Эта фраза оказалась ключевой для понимания сущности отношений Поэта и Поэтессы. Поставив себя в один ряд с Толстым, и не в шутку, а вполне серьезно, Блок сразу же установил дистанцию между собой и Ахматовой. И тем самым начисто исключил возможность не только диалога на равных, но и вообще дружеского общения: Ахматова думала, что приглашена в гости пусть и к знаменитому, но современнику, а ее встретил чуть ли не «памятник».
Потом Ахматова говорила, что, уходя, она оставила Блоку его сборники – чтобы тот их надписал. На каждом поэт написал просто: «Ахматовой – Блок». А вот в свой третий том лирики вписал сразу после ее ухода сочиненный мадригал: «„Красота страшна“, – Вам скажут…»
Л. К. Чуковская как-то призналась Ахматовой, что не понимала раньше, до ее рассказов о не романе с Блоком, стихотворения «Красота страшна…» А. А. ее утешила: «А я и сейчас не понимаю. И никто не понимает. Одно ясно, что оно написано вот так, – она сделала ладонями отстраняющее движение, – „не тронь меня“».
Действительно, Александр Александрович в то время воспринимал Ахматову как красивую женщину, которая одновременно притягивая не притягивала. Но упорно не видел в ней поэта. Ахматову это решительно не устраивало. Она уже тогда знала, что после смерти им стоять почти что рядом. Про себя эта удивительная женщина знала все наперед, а Блок и мысли такой не допускал. Для него Анна Андреевна была одной из многих. Так себе… Для эстрады сойдет и даже будет иметь успех – при нынешней желтой, вульгарной моде на раздушенные перчатки и шляпы с перьями. Он так и не смог, как тогда казалось Ахматовой, разглядеть в ней нечто большее. Конечно, она могла попытаться «зацепить» его как женщина, но…

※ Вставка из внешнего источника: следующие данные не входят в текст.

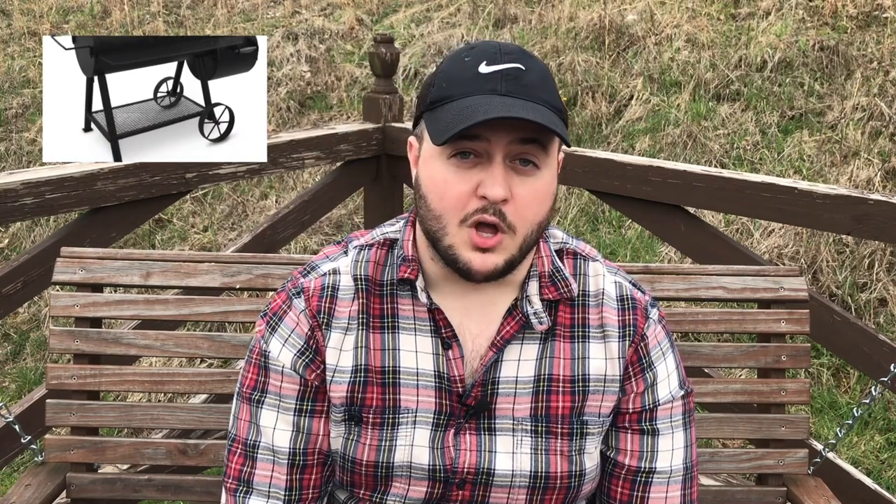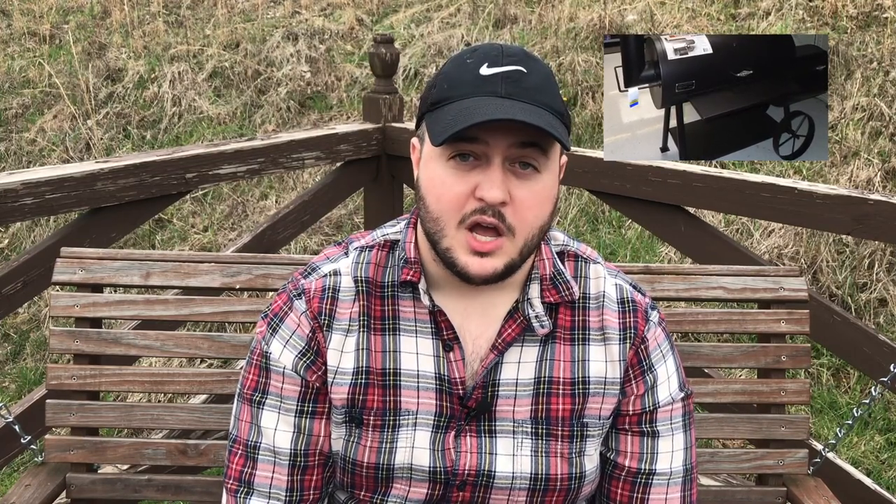Reason number four: the Weber Smokey Mountain is a great value at its price point. We'll use the 22 for an example, which MSRP is at $399. Now in that price range, you could also get something like an Oklahoma Joe Longhorn or a Highland. If you live close to an Academy, you can get an Old Country Pecos, which can be great smokers. The thing is those companies have to make way more compromises to produce those offsets than Weber does to make the Weber Smokey Mountain.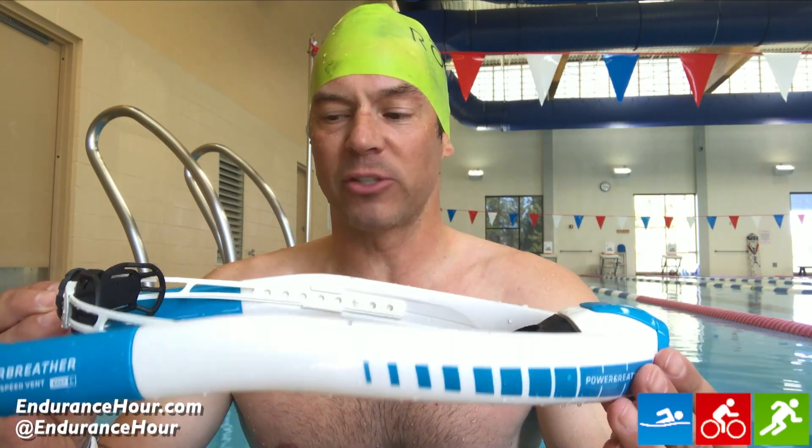Hey everyone, this is Dave Erickson with the Endurance Hour with a review recap of my time with this PowerBreather Snorkel. I've been using it for the last three weeks or so and there are a lot of great benefits to it. There's one downside which I'll get to at the end, but here's basically how it works.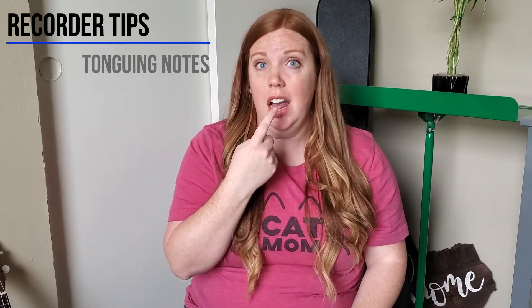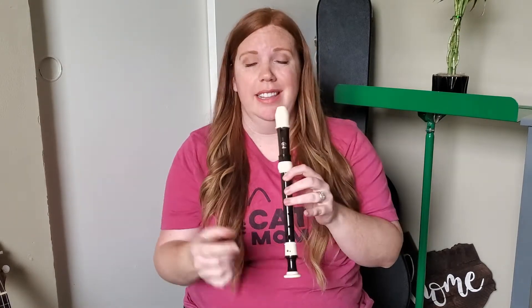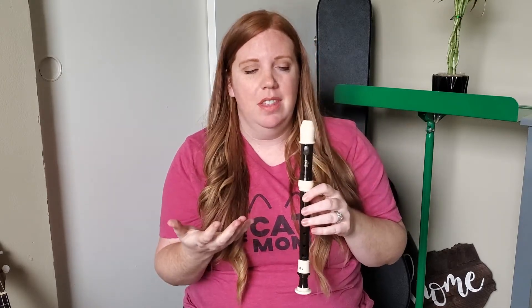One of the biggest things that I'm seeing is not using your tongue to start a new note. I'm seeing lots of what I call in class 'puffing' on the recorder. And that, which we don't want to see, looks like this. Watch closely to my lips. If you notice, each time that I played a new note, my lips came off of the recorder.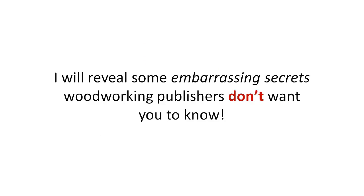Hello, my name is Ryan Henderson. In the following short but controversial video, I will reveal some embarrassing secrets woodworking publishers don't want you to know.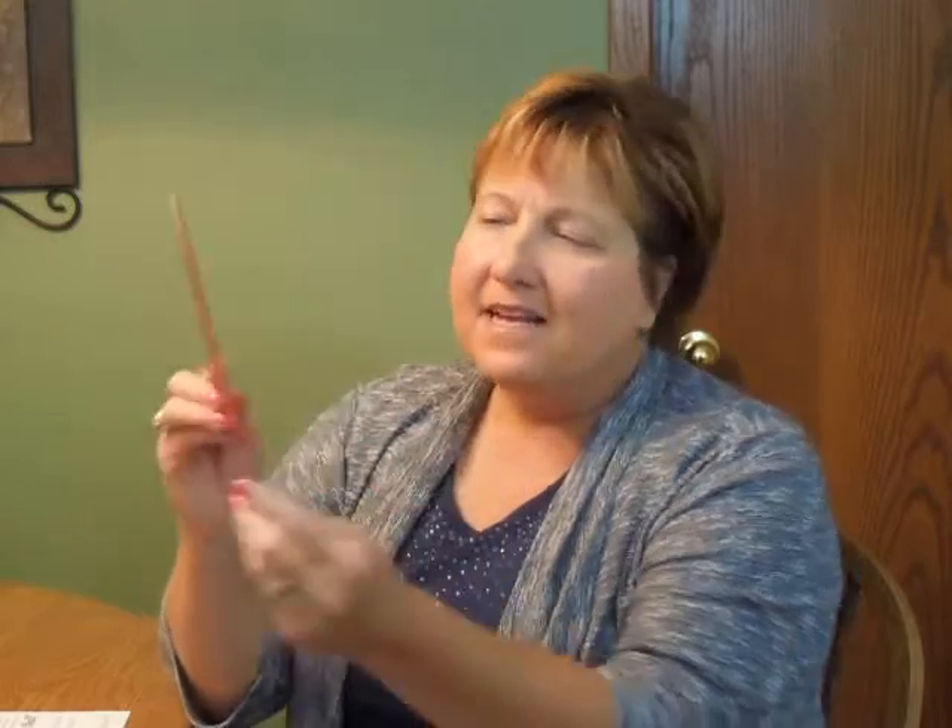Hi, I'm Jeannie and this is the Grand Slam Bar Mitzvah Invitation from Checkerboard. This trendy invitation is raised printed on bright white card stock that is layered over grenadine red stock. Rounded corners and the baseball stitching border provide the finishing touches.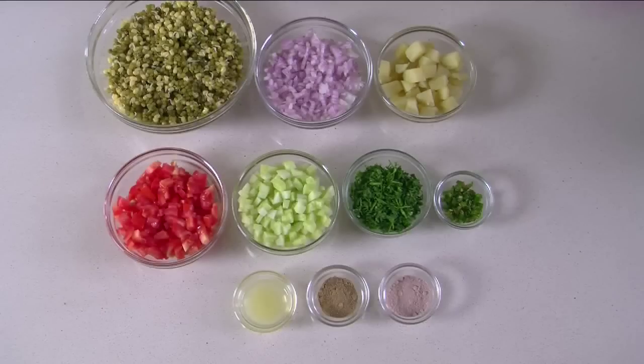Hello and welcome to Sanjeev Kapoor's Khazana. I am Alyona and I am going to show you some nice recipes which are low-cal and healthy yet tasty. Now that we are over with the festive season, let's start with some nice sprouted salad. So for the sprout salad, here's what we need.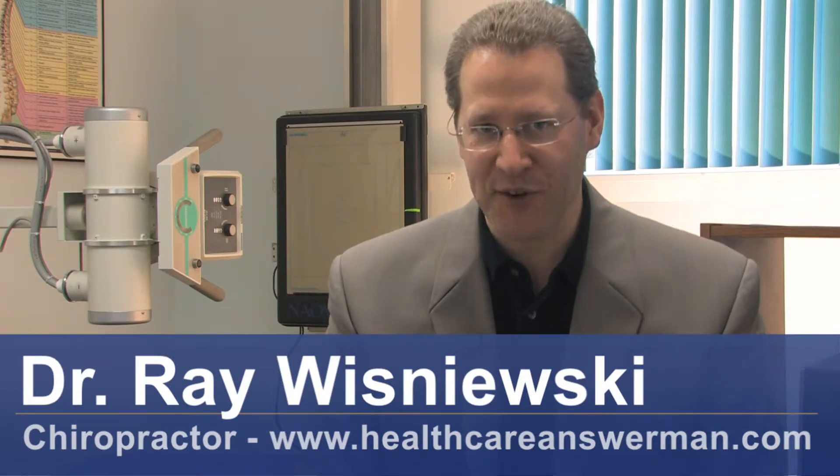Hi, I'm Dr. Ray Wisniewski, America's Healthcare Answer Man. We're going to talk about how to recover from cervical disc replacement surgery.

В это время добиваться и соблазнять Александра Александровича становилось уже достаточно вульгарным. Слишком много было незнакомок, увлечений на час, чтобы Ахматова решилась пополнить их ряды. Иное дело – оказаться в числе немногих избранных, кто был допущен к общению! Разумеется, что при подобных планах (общаться, быть чуть ли не на равных) неожиданное явление тени графа Толстого стало для Ахматовой не только обескураживающим, но и явилось точно гром среди ясного неба. Однако ж и Блок в явившейся к нему даме не узнал столь растиражированный образ. Действительно капризная, не без вульгарности змейка, работавшая под гитану, осталась где-то там, внизу, на углу Мойки и Пряжки. А перед ним стояла совсем другая женщина. Недаром потом возникли строчки: «красота проста – вам скажут». А если и сквозило в ней что-то не петербургское, южное, то опять-таки слишком уж в ином варианте. Точно дальние отзвуки прямых, высоких, длинноносых причерноморских гречанок. А подобных женщин Блок не понимал в принципе и по сути. Они не заставляли его сердце учащенно биться. Но почему его так волнует визит этой дамочки? Почему он чувствует себя так напряженно и в то же время скованно? А главное, боится смотреть ей прямо в глаза, будто может увидеть то, что видеть ни в коем случае не стоит?